The RCP may have been doomed by 1995 but it doesn’t dialectically follow that everybody and everything that passed through this undistinguished operation was irretrievably doomed with it.

[i] https://communistpartyofgreatbritainhistory.wordpress.com/2020/09/28/the-revolutionary-communist-party-rcp-was-really-nothing-special/

[ii] F Richards ‘Midnight in the century’ Living Marxism December 1990.



  1. I remember the Supporters’ Forum business quite well. By 1995 the RCP was seriously depleted, it was actually in a state of collapse. Members were dropping out by the dozen — in South London, where I was, five out the six members dropped out overnight without giving any reason. Many supporters, such as me, were increasingly inactive, as we felt that the party was going nowhere or, rather, going in strange directions. Supporters would look at Living Marxism and say to themselves, ‘I’m not going out flogging that.’ This wasn’t coordinated, it was what a lot us individually felt.
    These meetings were an attempt by the leadership to reactivate the hundreds of party supporters, many, if not most, of whom had become inactive. It failed, because, as can be seen from the discussions, we were effectively on our way out. Even if we didn’t know that when the meetings were called, we certainly did after attending them. Party cadres were quite taken back when supporters considered as loyal suddenly started laying into current party policies. I was one of them, and I made several sharp contributions, and party cadres were visibly shocked at my and other supporters’ comments.

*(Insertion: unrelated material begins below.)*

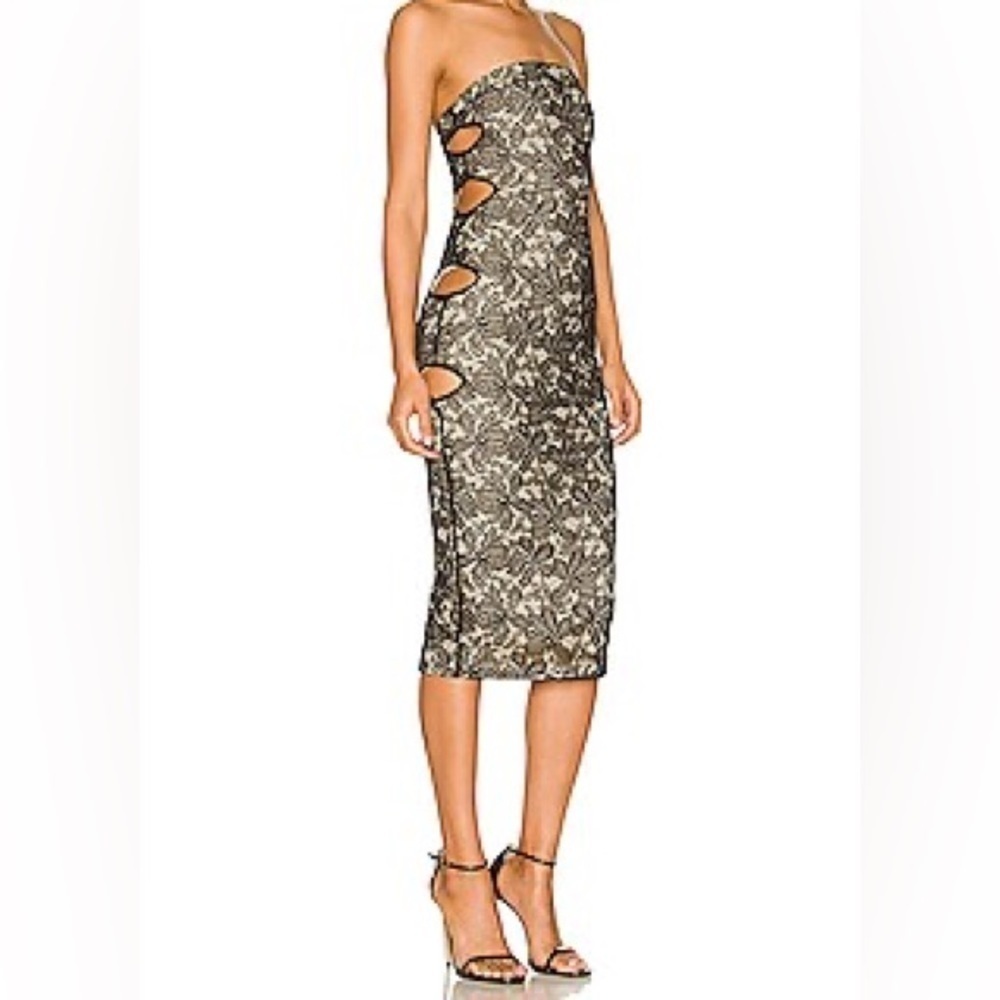 NBD/ Revolve/ Black and Nude Lace Strappless Bodycon Dress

    I was going to write a critique of current party policies for a follow-up to this discussion sheet, but then I felt this was pointless because the game was up: the party was finished, and I had better things to do with my time and energy. I think that most of the critical supporters felt the same. I don’t think there were any more Supporters’ Forums, I guess the leadership realised that we were more trouble than it was worth. A couple of years later, what was left of the party — not much, just the Political Committee, the editorial board, the office boys and girls, their respective other halves, and a few strays with nowhere else to go — was dissolved and — as I predicted at the time — started their slide into right-wing libertarianism.


  2. All that happened was that over time it exposed itself as a cult . Witness even now how Fox Heartfield et al never ever disagree with anything Furedi says . The about turn on immigration says it sll


    1. I don’t believe the RCP was a cult and I don’t believe that characterisation is remotely helpful to understanding the group. Groupthink is familiar to all ‘Leninist’ organisations. If the RCP was a cult then we have to apply that word to scores of other left groups… at that point ‘cult’ becomes so elastic it becomes meaniningless.


  3. Any chance of a scan? There’s a scan of (I think) Fiona Fox’s contribution and it’s fascinating. I’d love to be able to read it all!